Catherine Colonna a rapidement publié un message en italien sur Twitter, affirmant que « la relation entre l’Italie et la France est basée sur le respect mutuel, entre nos deux pays et entre leurs dirigeants ». Elle a appelé dans la foulée Antonio Tajani. « Catherine Colonna m’a appelé deux fois, pour me dire qu’elle était désolée, elle a été très cordiale », a assuré Antonio Tajani, tout en estimant que les explications de Paris restaient « insuffisantes ».

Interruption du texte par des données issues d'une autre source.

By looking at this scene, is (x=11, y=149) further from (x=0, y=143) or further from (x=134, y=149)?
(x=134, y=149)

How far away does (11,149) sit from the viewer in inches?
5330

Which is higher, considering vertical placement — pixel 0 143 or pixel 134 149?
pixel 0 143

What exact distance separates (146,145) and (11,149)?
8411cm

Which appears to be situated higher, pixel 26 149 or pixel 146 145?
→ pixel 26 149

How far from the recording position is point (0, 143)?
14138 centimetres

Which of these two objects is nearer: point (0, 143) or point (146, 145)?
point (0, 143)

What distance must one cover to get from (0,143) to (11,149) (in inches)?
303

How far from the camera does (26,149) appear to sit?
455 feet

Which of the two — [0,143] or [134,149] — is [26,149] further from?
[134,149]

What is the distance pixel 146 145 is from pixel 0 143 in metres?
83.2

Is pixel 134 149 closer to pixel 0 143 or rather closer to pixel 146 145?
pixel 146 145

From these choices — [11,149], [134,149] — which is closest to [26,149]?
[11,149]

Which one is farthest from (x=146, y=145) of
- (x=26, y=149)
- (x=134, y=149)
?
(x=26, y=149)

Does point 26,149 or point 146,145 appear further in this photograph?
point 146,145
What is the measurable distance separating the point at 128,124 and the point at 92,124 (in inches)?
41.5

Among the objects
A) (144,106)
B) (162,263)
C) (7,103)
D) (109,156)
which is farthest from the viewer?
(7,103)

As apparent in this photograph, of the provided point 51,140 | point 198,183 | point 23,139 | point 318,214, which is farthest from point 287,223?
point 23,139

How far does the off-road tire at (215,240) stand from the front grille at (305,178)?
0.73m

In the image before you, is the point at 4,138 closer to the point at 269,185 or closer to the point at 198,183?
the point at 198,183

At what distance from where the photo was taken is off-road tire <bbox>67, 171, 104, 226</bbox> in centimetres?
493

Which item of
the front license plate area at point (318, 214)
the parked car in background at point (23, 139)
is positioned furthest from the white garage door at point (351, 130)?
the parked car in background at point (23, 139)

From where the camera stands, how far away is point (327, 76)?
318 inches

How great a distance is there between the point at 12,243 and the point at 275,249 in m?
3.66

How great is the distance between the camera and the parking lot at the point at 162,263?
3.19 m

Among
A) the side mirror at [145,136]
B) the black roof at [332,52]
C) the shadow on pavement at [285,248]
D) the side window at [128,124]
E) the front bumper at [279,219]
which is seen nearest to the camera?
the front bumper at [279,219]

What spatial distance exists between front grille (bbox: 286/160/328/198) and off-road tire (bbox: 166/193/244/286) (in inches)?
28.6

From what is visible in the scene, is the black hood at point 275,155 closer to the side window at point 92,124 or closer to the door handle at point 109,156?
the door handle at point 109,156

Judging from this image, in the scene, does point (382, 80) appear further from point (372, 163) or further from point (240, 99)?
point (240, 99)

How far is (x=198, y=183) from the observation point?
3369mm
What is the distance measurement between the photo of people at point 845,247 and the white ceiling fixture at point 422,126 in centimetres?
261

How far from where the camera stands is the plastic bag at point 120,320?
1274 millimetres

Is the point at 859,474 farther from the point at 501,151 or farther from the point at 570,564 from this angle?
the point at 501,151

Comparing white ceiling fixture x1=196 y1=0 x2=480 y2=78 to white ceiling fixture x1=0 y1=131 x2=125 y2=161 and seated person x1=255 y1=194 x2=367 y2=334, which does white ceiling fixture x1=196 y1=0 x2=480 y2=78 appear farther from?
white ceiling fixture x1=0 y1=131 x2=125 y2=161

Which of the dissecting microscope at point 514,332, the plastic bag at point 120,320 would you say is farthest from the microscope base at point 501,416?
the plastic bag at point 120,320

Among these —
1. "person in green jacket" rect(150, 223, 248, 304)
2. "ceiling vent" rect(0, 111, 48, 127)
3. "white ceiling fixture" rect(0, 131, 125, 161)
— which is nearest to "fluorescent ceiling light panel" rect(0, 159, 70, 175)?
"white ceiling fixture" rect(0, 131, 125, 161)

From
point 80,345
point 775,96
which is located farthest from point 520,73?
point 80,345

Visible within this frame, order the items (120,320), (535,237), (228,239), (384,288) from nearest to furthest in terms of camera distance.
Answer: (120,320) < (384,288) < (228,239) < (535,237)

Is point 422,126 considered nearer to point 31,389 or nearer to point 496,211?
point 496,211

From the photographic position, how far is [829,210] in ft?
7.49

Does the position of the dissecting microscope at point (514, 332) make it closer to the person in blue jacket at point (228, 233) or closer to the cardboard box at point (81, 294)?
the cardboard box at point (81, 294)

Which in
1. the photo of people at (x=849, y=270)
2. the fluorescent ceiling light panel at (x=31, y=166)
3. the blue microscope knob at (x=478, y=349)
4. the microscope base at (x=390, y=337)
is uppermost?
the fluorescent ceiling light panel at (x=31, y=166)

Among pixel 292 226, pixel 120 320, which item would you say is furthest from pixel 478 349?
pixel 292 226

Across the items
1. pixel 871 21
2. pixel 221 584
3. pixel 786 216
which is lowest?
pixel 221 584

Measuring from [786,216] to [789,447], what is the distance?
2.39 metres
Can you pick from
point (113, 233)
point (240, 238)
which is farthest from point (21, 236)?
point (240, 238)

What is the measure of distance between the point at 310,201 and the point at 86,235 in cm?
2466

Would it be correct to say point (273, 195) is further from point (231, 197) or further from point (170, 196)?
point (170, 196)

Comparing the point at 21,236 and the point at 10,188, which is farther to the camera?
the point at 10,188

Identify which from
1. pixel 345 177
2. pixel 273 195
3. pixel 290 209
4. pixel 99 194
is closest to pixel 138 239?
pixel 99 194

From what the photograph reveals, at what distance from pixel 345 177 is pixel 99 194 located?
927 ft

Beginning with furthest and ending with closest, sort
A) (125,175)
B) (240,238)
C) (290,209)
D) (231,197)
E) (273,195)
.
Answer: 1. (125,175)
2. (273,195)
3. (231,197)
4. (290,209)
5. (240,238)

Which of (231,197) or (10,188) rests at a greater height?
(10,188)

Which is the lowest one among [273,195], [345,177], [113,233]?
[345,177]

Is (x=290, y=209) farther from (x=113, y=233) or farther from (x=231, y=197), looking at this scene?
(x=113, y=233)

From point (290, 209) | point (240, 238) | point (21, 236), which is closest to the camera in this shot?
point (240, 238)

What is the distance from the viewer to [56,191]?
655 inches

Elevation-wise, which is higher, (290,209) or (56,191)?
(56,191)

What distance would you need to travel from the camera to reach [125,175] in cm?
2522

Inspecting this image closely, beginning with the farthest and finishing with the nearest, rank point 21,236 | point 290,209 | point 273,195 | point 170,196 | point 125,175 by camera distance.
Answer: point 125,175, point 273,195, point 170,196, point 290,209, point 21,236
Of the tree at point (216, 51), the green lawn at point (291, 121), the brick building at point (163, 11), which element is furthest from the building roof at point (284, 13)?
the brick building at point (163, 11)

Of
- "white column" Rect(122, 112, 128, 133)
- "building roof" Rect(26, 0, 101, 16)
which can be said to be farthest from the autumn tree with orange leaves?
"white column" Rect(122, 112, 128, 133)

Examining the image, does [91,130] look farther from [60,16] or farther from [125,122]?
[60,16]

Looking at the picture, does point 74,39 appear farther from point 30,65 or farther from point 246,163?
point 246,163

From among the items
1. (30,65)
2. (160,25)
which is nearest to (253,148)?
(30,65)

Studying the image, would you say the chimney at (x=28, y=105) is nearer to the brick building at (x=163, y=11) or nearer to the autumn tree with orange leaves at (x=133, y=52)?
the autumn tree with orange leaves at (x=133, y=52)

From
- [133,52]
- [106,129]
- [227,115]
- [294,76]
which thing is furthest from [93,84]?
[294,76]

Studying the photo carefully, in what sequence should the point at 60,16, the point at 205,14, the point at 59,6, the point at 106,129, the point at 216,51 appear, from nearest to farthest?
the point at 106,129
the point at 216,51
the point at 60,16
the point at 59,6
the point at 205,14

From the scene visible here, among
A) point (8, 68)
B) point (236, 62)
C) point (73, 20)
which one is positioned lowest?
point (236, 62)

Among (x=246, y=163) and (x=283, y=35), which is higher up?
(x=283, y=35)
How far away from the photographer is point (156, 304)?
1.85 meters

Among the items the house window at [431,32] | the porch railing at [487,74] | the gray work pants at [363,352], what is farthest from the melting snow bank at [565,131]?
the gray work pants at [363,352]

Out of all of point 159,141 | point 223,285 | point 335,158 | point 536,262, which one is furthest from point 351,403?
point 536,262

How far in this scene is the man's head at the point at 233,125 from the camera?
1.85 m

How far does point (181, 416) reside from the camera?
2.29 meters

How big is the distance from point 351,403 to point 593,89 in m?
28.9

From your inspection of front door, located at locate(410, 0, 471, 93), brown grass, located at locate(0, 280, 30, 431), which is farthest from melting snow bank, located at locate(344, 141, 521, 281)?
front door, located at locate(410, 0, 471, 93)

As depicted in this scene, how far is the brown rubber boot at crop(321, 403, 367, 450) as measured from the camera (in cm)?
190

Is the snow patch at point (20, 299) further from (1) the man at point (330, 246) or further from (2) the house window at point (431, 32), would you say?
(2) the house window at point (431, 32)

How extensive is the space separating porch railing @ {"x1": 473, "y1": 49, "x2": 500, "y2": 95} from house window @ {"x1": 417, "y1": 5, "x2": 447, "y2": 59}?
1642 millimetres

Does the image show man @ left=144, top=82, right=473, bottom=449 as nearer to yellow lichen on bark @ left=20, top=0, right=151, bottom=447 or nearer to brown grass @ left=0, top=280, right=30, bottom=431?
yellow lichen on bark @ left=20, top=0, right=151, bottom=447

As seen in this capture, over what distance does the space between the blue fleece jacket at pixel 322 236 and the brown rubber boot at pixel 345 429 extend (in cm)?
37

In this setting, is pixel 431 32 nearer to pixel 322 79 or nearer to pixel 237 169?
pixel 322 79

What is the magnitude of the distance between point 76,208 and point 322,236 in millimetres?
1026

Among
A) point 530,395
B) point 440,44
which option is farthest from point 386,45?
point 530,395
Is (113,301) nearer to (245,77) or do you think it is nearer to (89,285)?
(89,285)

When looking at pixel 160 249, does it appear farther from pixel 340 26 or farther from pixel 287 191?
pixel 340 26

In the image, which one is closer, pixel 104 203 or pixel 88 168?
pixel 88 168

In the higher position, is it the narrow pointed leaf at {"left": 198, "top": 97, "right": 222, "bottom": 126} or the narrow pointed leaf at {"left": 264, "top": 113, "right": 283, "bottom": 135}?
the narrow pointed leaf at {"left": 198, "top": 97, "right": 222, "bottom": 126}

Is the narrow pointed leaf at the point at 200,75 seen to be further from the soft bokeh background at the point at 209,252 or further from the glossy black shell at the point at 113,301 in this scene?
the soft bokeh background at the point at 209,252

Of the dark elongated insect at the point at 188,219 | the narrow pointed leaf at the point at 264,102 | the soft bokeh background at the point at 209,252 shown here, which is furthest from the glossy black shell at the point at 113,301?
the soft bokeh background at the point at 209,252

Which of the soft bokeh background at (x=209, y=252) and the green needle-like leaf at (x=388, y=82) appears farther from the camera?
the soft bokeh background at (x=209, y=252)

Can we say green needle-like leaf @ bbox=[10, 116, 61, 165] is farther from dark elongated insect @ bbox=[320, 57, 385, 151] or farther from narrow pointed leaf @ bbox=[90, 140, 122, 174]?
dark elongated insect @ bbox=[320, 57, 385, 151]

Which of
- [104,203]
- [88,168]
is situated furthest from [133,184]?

« Il s’agit d’une attaque à froid, un coup de poignard dans le dos de la part d’un membre de premier plan du gouvernement français. Il y a des choses qu’on ne peut ignorer. Le reste de l’exécutif de Macron cependant ne pense certainement pas comme Darmanin », a insisté Antonio Tajani. Le ministère français de l’Intérieur n’a pas souhaité commenter vendredi les demandes d’excuses du gouvernement italien.

Les promesses de Meloni 

L’immigration est depuis des années un sujet ultrasensible dans les relations franco-italiennes.

En novembre, les deux pays avaient connu une forte poussée de fièvre lorsque le gouvernement Meloni, à peine au pouvoir, avait refusé de laisser accoster un navire humanitaire de l’ONG SOS Méditerranée qui avait fini par être accueilli par la France à Toulon (sud) avec plus de 200 migrants à bord. L’épisode avait suscité la colère de Paris qui avait convoqué une réunion européenne pour que ce scénario inédit ne se reproduise pas.

Depuis, les traversées clandestines par bateaux s’accentuent avec l’essor d’un nouveau couloir maritime entre la Tunisie et l’Italie, en première ligne aux portes de l’Europe. Selon le ministère italien de l’Intérieur, plus de 42 000 personnes sont arrivées par la Méditerranée en Italie cette année contre environ 11 000 sur la même période en 2022.

Le porte-parole du gouvernement français Olivier Véran a tenté vendredi d’éteindre l’incendie, assurant qu’il n’y avait eu « aucune volonté d’ostraciser l’Italie ». « Les Italiens, on discute, ils adorent la politique, mais ils assument les choix qu’ils ont faits et ils veulent qu’on les laisse assumer leurs choix », a-t-il expliqué, « et ça tombe bien parce qu’on n’a pas l’intention de faire autrement ».

Plus nuancé, le ministre des Transports Clément Beaune, qui incarne l’aile gauche de la majorité présidentielle, a donné « raison sur le plan politique » à Gérald Darmanin qui a rappelé « ce qu’est l’extrême droite partout, en Italie comme ailleurs, qui fait beaucoup de promesses et règle peu de problèmes ».

Interrogé sur ces frictions en marge d’un déplacement à Florence, le chef de la diplomatie européenne, Josep Borrell, a rappelé que la question des flux migratoires est « un problème commun » aux pays de l’UE qui doit être géré « avec le maximum d’unité ». « Je suis certain que ces difficultés seront surmontées », a-t-il dit.

À côté du sacre de Naples en Serie A, la presse italienne titrait vendredi matin sur cette nouvelle brouille entre les deux voisins.

La Repubblica, quotidien de centre-gauche, évoquait « la gifle de Paris », tandis que La Stampa rappelait que « la lutte contre l’immigration clandestine avait été un des chevaux de bataille de Meloni pendant la campagne électorale » de l’été 2022. « Avec les promesses de mettre en place un ‘blocus naval’ pour empêcher les départs vers la péninsule. Mais tout juste arrivée à Palazzo Chigi [NDLR : siège du chef du gouvernement à Rome], la Première ministre a dû prendre acte de l’infaisabilité de son projet. Et les Français se sont repentis d’y avoir cru », écrit le journal turinois.